French Sociologist Pierre Bourdieu argued that individuals may possess various forms of capital — such as symbolic capital, which comprises symbols that allow or prevent people from certain privileges. Kim said a person’s name is an example of such symbols and gives people the currency to access cultural and social capital, communicating a level of prestige to others.
“Our names give us a lot of clues,” Kim said. “It symbolizes various social categories that are put on us in our society. Everything from our sex or gender, or religion, ethnicity, nationality and even our race.”
When Muonagolu was a first-year student, he said he decided to introduce himself as Anitiz to professors and others he met as a sign of respect for his name.

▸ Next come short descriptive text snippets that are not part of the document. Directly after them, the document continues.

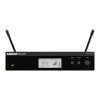 Shure BLX24RE/PG58-K3E - System bezprzewodowy z mikrofonem PGA58 (606-630 MHz)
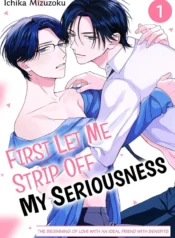 7e388e6143f13c802bbc70c294c640e5a2df18e0_600_935_55210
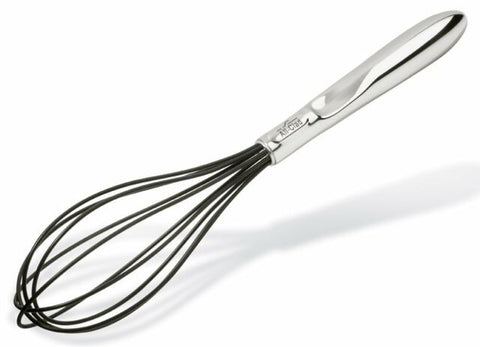All Clad 12 inch Nonstick Whisk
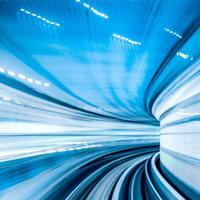 ZUGFeRD Interface – AddOn für Microsoft Dynamics NAV  und Dynamics 365 Business Central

“My name has power and has prominence,” Muonagolu said. “It’s reflective of me, and I shouldn’t be ashamed of having a name that isn’t ‘white.’”
Bourdieu’s theory also points to a language hierarchy that exists globally, Kim said.
“Behind it [a name] is a structure of a language hierarchy,” Kim said. “And beyond that, what countries have power to make their language the language of the world because the default language of the world is English.”
Kim said she encounters students who tell her to call them by a name different from the one listed on the class roster. For instance, she has a student who changed her first name to one that is more gender neutral and connects to her African heritage.
“That’s real power to be able to call yourself what you want to be called,” Kim said.